How do you know equation 3 is true? 

$\begin{align}
\Pr(B_i\mid A\cap C) & = \frac{\Pr(B_i\cap A \cap C)}{\Pr(A\cap C)} & \text{by definition}
\\[1ex] & = \frac{\Pr(B_i\cap A\mid C)\cdot \Pr(C)}{\Pr(A\mid C)\cdot\Pr(C)} & \text{by the same}
\\[1ex] & = \frac{\Pr(B_i\cap A\mid C)}{\Pr(A\mid C)} & \text{by cancelation}
\end{align}$

Also, can you explain how you derived the denominator in equation 4? 

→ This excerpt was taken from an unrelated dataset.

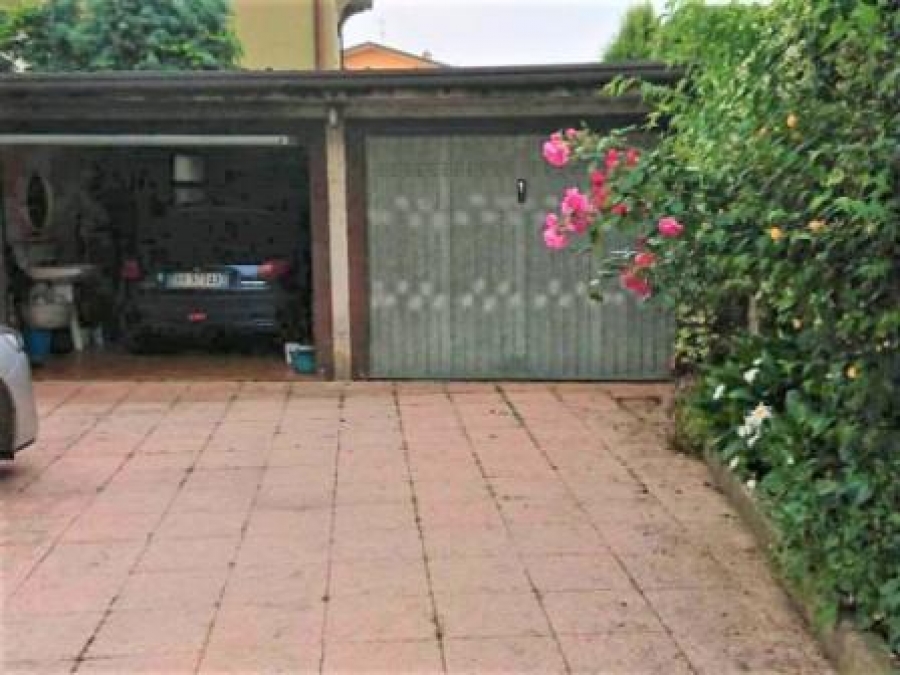 Villa via Tresolzio  - foto 21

By the Law of Total Probability.  If the set of $\{B_k: k\in \{1..n\}\}$ partitions the sample space then the measure of event $A$ is the sum of the products of the measure of the partition and the measure of the event conditional on the partition.
$$\begin{align}\Pr(A) \quad & = \Pr(B_1)\cdot\Pr(A\mid B_1) + \cdots + \Pr(B_k)\cdot\Pr(A\mid B_k) + \cdots \Pr(B_n)\cdot\Pr(A\mid B_n)
\\ & = \sum_{k=1}^n \Pr(B_k)\cdot\Pr(A\mid B_k)
\end{align}$$

I understand everything you said except the actual steps transforming equation three to equation four.  Are you treating Pr(A|C) as sum(Pr(A|C|Bk)Pr(Bk)).

Yes.  Thuswise: 
$$\begin{align}
\Pr(A\mid C) \quad & = \frac{\Pr(A\cap C)}{\Pr(C)} & \text{by conditional probability}
\\[1ex] & = \frac{\sum_k \Pr(A\cap C\cap B_k)}{\Pr(C)} & \text{by total probability}
\\[1ex] & = \frac{\sum_k \Pr(B_k\cap C)\cdot\Pr(A\mid C\cap B_k)}{\Pr(C)} & \text{by conditional probability}
\\[1ex] & = \sum_k \frac{\Pr(B_k\cap C)}{\Pr(C)}\cdot\Pr(A\mid C\cap B_k) & \text{by rearrangement}
\\[1ex] & = \sum_k \Pr(B_k\mid C)\cdot\Pr(A\mid C\cap B_k) & \text{by conditional probability}
\end{align}$$